The issue relates to a confused deputy problem, a type of privilege escalation where a program that doesn't have permission to perform an action can coerce a more-privileged entity to perform the action.
The shortcoming was reported by Datadog to AWS on September 1, 2022, following which a patch was shipped on September 6.
"This attack abuses the AppSync service to assume [identity and access management] roles in other AWS accounts, which allows an attacker to pivot into a victim organization and access resources in those accounts," Datadog researcher Nick Frichette said in a report published last week.
In a coordinated disclosure, Amazon said that no customers were affected by the vulnerability and that no customer action is required.
It described it as a "case-sensitivity parsing issue within AWS AppSync, which could potentially be used to bypass the service's cross-account role usage validations and take action as the service across customer accounts."
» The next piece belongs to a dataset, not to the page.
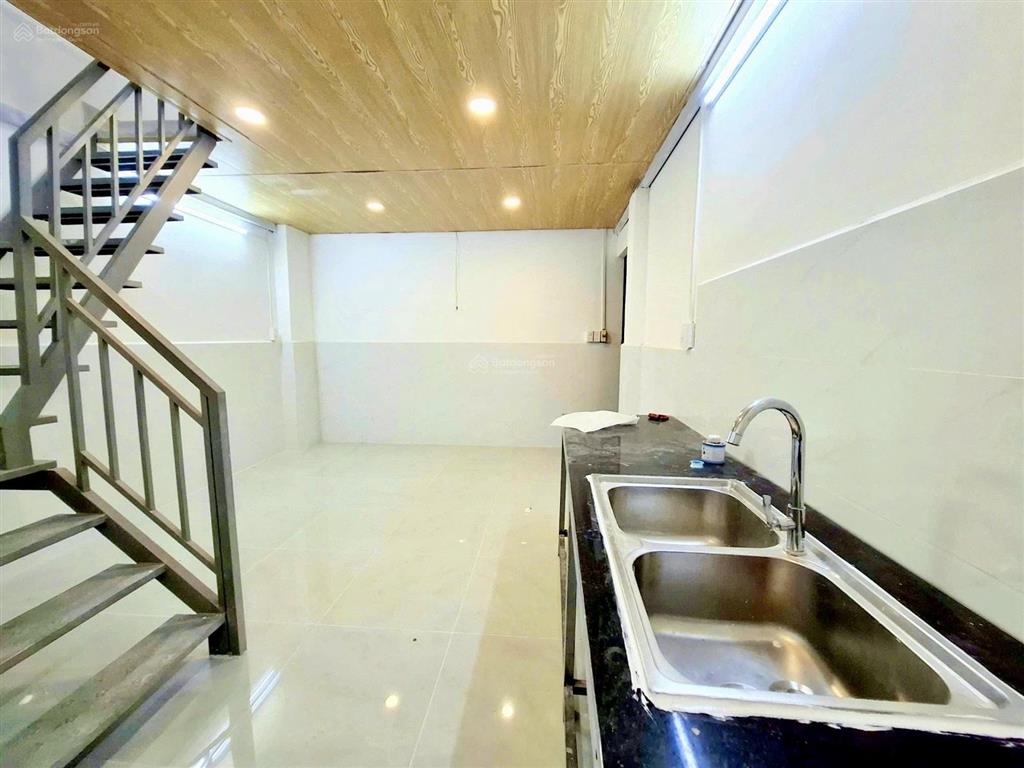 Phạm văn chiêu  20m2  có dòng tiền 72tr  2.58 tỷ còn bớt   xem nhà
AWS AppSync offers developers GraphQL APIs to retrieve or modify data from multiple data sources as well as automatically sync data between mobile and web applications and the cloud.
The service can also be used to integrate with other AWS services through specific roles designed to perform the necessary API calls with the required IAM permissions.
While AWS does have safeguards in place to prevent AppSync from assuming arbitrary roles by validating the role's unique Amazon Resource Name (ARN), the problem stems from the fact that the check could be trivially bypassed by passing the "serviceRoleArn" parameter in a lower case.
In getting around the ARN validation, the issue could be exploited to provide the identifier of a role in a different AWS account and interact with any resource.
"This vulnerability in AWS AppSync allowed attackers to cross account boundaries and execute AWS API calls in victim accounts via IAM roles that trusted the AppSync service," Frichette said.
"By using this method, attackers could breach organizations that used AppSync and gain access to resources associated with those roles."